Kevin Muente’s show “Forgotten Land” is currently up at Marta Hewett Gallery, located in Cincinnati’s Pendleton neighborhood. He uses figures within these landscapes to create a narrative through single or multiple images. Often the images echo classical or referenced figures from orthodox art.
Moving in a different direction from his traditional landscapes, Muente stages photos of friends and family posed with costumes or props in carefully selected locations. Often working from hundreds of photos, his composed images use subtle detail and suggested backstory to place the viewer in a moment of observation.
Known for his realist landscapes, “Forgotten Land” shows the artist’s difficulty at times melding the figurative work with his perfect landscapes. Some figures are anatomically awkward while others seem to have their body more naturally placed.
Calling to mind Gustave Courbet’s “The Stonebreakers”, “Ruins at Rhyolite” brings together Soviet Realist figuration and French Realism while placing the artist himself within a desert landscape. Modern footwear may be the only anachronistic clue to the tongue in cheek tone of this work.
An issue with foreshortening of the artist’s feet is an indication of Muente’s growth in style. Although perhaps less strictly narrative than other pieces in “Forgotten Land”, “Ruins at Rhyolite” draws on history and reference to be possibly the most lighthearted in the show.
“Women of Winter” is entirely different. Here three women are posed in a artificially lit, woodsy clearing at night. Small lights in denuded trees serve as a backdrop and add to the supernatural or at least metaphysical tone. Time and Season are obvious themes in what is a work that makes a sharp turn away from the irony of “Ruins at Rhyolite”. It should be noted here that all adult males in “Forgotten Land” face away from the viewer and all females face toward the viewer – “Women of Winter” being no exception.
These women, each wearing only white, are clearly using deliberate gestures to represent Past , Present and Future. Clenched fists, hands clasping heart, and neutral arms may represent Anger, Love and Acceptance. These would then correspond to the prevalent emotions at different stages of life. As archetypal Oracles/Muses/Sirens these women silently gesture wisdom in the cold forest. Their bare feet on the fallen leaves reinforce their mythical and timeless nature.

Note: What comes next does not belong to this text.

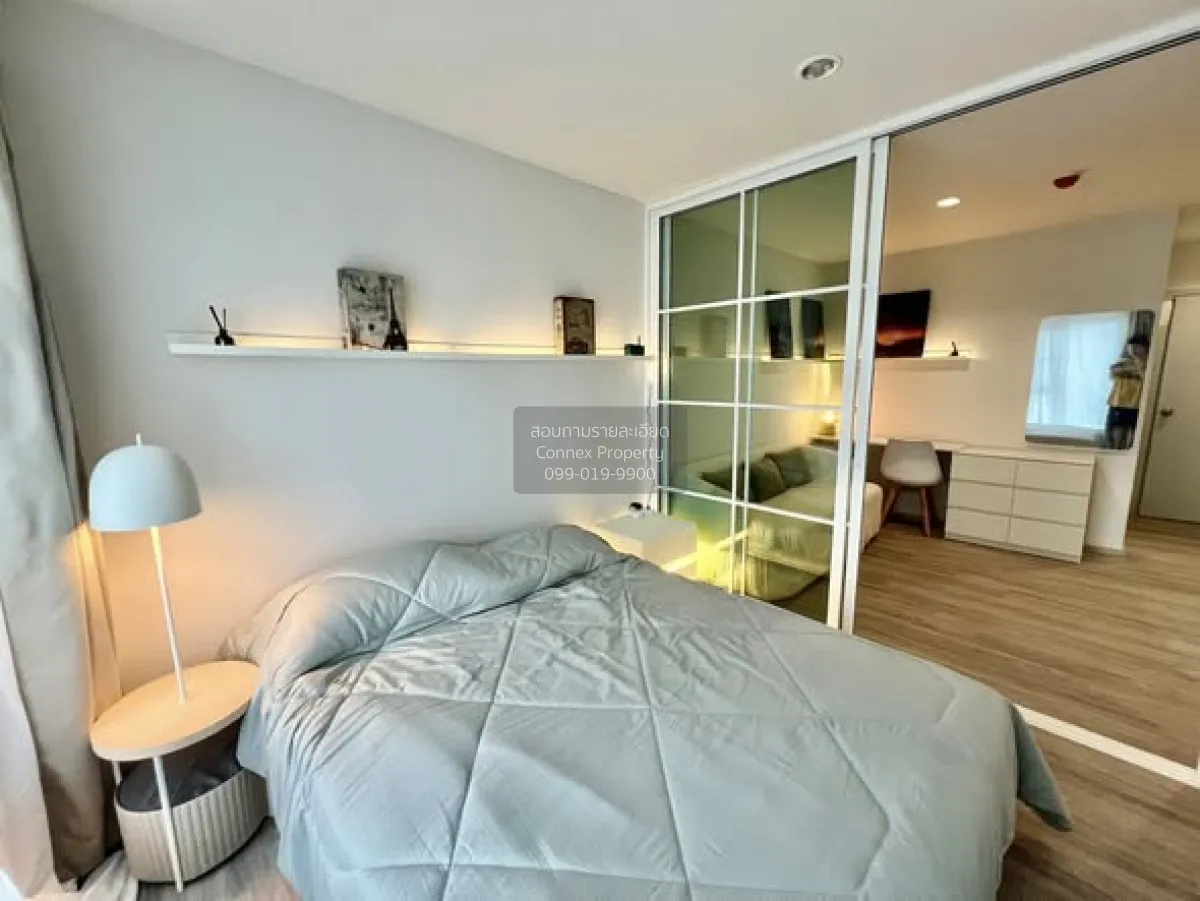 For Rent Condo , Regent Home Bangna (New Project) , Bang Na , Ban 4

As the work which may be most subtly ironic within “Forgotten Land “, “Abandon” places a woman and her child in front of a dilapidated house. The mother sternly looks to the horizon while the child clutches a stuffed bear, stealing a final glance over her shoulder. Resembling countless photos nationally and internationally depicting families fleeing natural disaster, war, or authoritarian regimes; the viewers sense of social justice is piqued.
However in “Abandon”, the house has been abandoned for years and itself represents the victim. The woman and child are, upon closer inspection, well dressed and coiffed. They are fleeing nothing, but are rather the callous middle-class America. America has abandoned its rural areas and small towns in favor of interstates and big-box stores. The mother cannot be bothered to see, while the child has but a passing interest in this forgotten America.

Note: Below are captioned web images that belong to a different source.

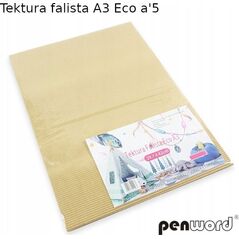 Penword TEKTURA FALISTA A3 ECO a5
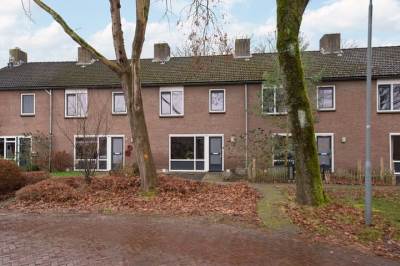 Woning Riegheide 28 Rolde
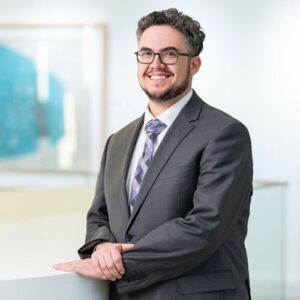 Rosston (Ross) Eubank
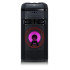 Музыкальный центр LG OL75DK 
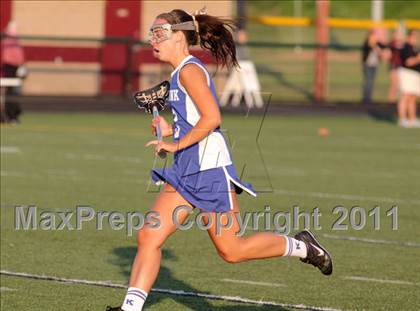 Thumbnail 2 in Scarborough vs. Kennebunk (MPA Class A West Regional Final) photogallery.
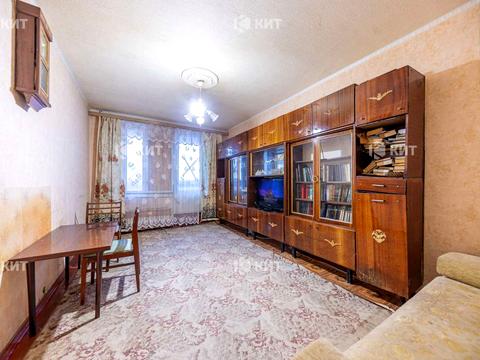 квартира по адресу Краснодарская ул. (Краснодарська), 152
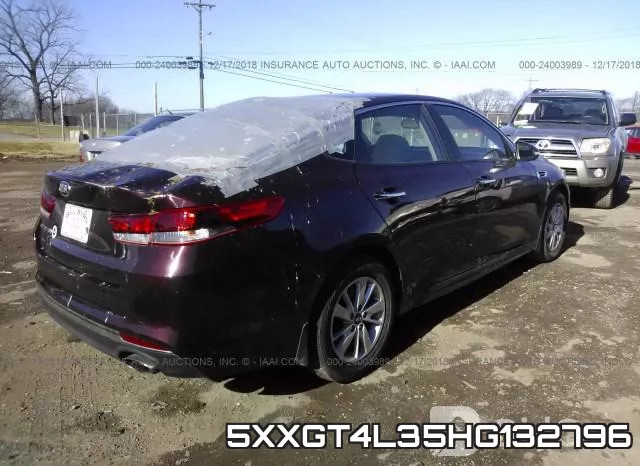 5XXGT4L35HG132796 фото 5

The perhaps cynical irony Muente uses may be the most devastating in “Forgotton Land”. The casual viewer will form some amount of sympathy for the modern refugees while being oblivious to “Abandon” indicting this viewer for ignoring their own neglect of rural America. Again, a skewing of the alignment of the mother’s nose and jaw shows a flaw in the figurative technique. Muente’s selection of an actual house in northern Kentucky near two interstates gives a clue to Muente’s intent being grounded in reality.
“Forgotten Land” is a gifted landscape artist’s transition to narrative artist. His ability to capture detail and the patience to use hundreds of photos to set each scene combine to produce works which reward careful viewing. Perhaps it is the discipline of filmmaking rather than photography that informs Muente’s process. Casting, scouting and scripting are all used to create each narration. The works of “Forgotten Land” are the furthest thing from snapshots in time.